If developers and founding teams cannot scale on the original basis, they will migrate across blockchains. This comes at a price, and often requires rebuilding skills and user base. But migration of multiple items from one chain may indicate a bearish trend in that chain and vice versa.
For example, on April 3, 2025, the game project Infecteddotfun announced that it will be migrating from Base to Solana due to difficulties in scaling. The project's popular speculative simulation game attracted 130,000 registered users in 48 hours, causing a surge in trading demand for Base, causing Gas prices to soar and game interruptions. The team pointed out the limitations of the Ethereum virtual machine chain and favored Solana's user-centric culture and strong user base.

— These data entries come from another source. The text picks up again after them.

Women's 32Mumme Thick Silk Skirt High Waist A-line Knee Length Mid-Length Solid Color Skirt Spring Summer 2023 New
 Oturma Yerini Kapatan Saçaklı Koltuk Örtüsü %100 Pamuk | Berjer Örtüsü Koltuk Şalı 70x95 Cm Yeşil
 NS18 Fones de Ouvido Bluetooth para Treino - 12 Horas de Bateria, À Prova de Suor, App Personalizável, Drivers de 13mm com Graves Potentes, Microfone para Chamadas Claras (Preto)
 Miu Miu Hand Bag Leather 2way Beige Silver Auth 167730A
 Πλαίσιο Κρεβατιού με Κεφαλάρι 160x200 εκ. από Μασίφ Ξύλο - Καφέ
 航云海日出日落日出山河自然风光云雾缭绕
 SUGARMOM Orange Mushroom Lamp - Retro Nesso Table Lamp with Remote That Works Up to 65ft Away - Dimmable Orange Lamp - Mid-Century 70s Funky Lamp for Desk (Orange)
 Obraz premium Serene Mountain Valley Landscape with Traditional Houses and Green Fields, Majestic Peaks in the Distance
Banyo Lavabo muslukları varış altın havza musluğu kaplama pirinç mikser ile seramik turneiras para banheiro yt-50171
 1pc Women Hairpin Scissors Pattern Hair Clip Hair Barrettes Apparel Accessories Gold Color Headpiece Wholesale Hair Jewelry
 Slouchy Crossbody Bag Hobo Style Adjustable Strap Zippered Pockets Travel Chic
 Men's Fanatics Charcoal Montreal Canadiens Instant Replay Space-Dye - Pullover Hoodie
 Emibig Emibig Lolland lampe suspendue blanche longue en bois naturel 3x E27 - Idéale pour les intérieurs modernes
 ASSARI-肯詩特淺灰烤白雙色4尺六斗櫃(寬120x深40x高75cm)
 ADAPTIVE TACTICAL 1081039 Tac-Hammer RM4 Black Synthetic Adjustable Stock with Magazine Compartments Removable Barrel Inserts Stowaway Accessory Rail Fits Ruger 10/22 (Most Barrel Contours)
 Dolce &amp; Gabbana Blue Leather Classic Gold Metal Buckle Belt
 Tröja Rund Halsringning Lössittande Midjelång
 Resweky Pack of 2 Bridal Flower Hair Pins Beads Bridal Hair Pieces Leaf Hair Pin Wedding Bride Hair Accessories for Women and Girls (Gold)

6. What makes blockchain reborn?
So, can a dead blockchain be reborn? Sometimes this is not the case. The key is to find reasons for people to return. New use cases can rekindle interest, especially if it solves real problems. Protocol upgrades that improve scalability, expense or interoperability can also rekindle people's enthusiasm.
Strong incentives, such as grants, airdrops or liquidity rewards, can attract developers and users to the network. In some cases, troubled projects will turn to Layer-2 solutions, or merge with more active ecosystems to maintain relevance.
But most importantly, a thriving community with confidence in the future of blockchain can lead it to recover from its predicament. Solana’s rise from the collapse of FTX with its firm community spirit is a case worth learning from.
The blockchain world is changing rapidly. Some networks are booming, while others are gradually disappearing. What can stand tall are networks with strong community support, practicality and continuous innovation. If blockchain is silent today, it doesn't mean it's gone forever, but it takes more than wishful thinking to revive it.